The mandate made adoption numbers look better on slides. But actual value delivered? Down.

The Product-Market Fit Problem

Your point about “building what we think developers should want” is the core issue. We treated this like an infrastructure project when it’s actually a product problem.

I started doing Jobs-To-Be-Done interviews with our engineering teams. Turns out:

  • Backend engineers need fast iteration cycles and flexible database provisioning
  • ML engineers need GPU access and experiment tracking
  • Frontend engineers need preview environments and CDN control
  • Data engineers need pipeline orchestration and data lineage

Our “golden path”? Optimized for stateless microservices because that’s what we understood. It literally works well for maybe 30% of our use cases.

Measuring the Wrong Things

You nailed it with measuring platform health vs. developer outcomes. We track:

  • Platform uptime: 99.97% :white_check_mark:
  • Deployment success rate: 98.2% :white_check_mark:
  • Incident resolution time: 4.3 hours :white_check_mark:

But when we surveyed developers, our platform had the lowest NPS of any internal service. Lower than HR systems. Lower than our expense reporting tool.

Why? Because we’re measuring whether the platform works, not whether it helps developers ship faster.

The AI Urgency

Your AI point is the existential question. If AI can provision infrastructure on-demand, configure pipelines based on natural language, and debug deployment failures… what value does a centralized platform provide?

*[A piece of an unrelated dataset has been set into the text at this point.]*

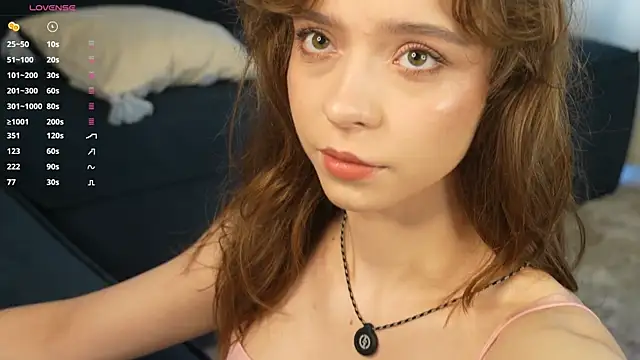 ShineAmelia online show from 07-16-26, 03:12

I think the answer is: platforms shift from “standardizing infrastructure” to “removing toil + enabling capabilities developers can’t get alone.” Things like:

  • Compliance guardrails that are actually helpful
  • Cross-service observability that’s hard to build yourself
  • Cost optimization at organizational scale
  • Security policies that don’t block innovation

But that requires thinking like a product team, not an infrastructure team.

What I’d Do Differently

If I could restart:

  1. Start with empathy, not standardization. Understand the jobs developers are hiring infrastructure for before building solutions.

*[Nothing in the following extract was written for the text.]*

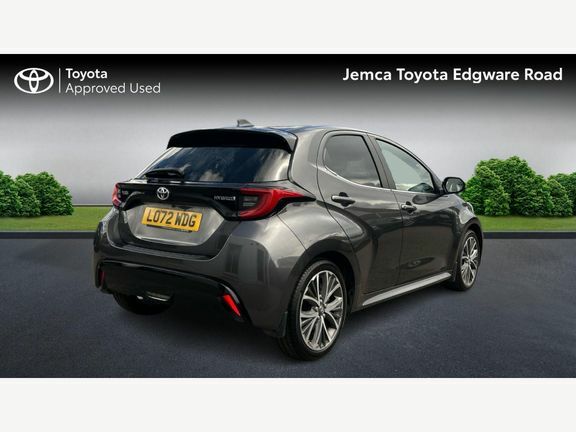 Toyota Yaris Excel Grey #2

  2. Measure developer outcomes, not platform outputs. Time from idea to production. Developer satisfaction. Toil reduction. Not deployment frequency.

  3. Treat adoption failure as product failure, not marketing failure. 22% adoption means we built the wrong thing, not that developers need more training.

  4. Design for multiple paths, not one golden path. Backend engineers and ML engineers don’t have the same needs. Stop pretending they do.

The hardest part? Getting leadership to admit that low adoption is a us problem, not a them problem. Developers aren’t resisting because they’re stubborn. They’re resisting because we’re solving problems they don’t have.

The phrase “building first, selling second” immediately made me think: we’re treating platforms like infrastructure when we should treat them like products.

The Product Blindspot

Platform teams talk about “internal customers” but operate like infrastructure teams. Here’s the tell:

  • Infrastructure mindset: “We built a self-service deployment system with 47 capabilities.”
  • Product mindset: “We reduced time-to-production from 3 days to 2 hours for backend teams.”

Same platform. Completely different framing. One describes what we built. The other describes the job we’re doing for developers.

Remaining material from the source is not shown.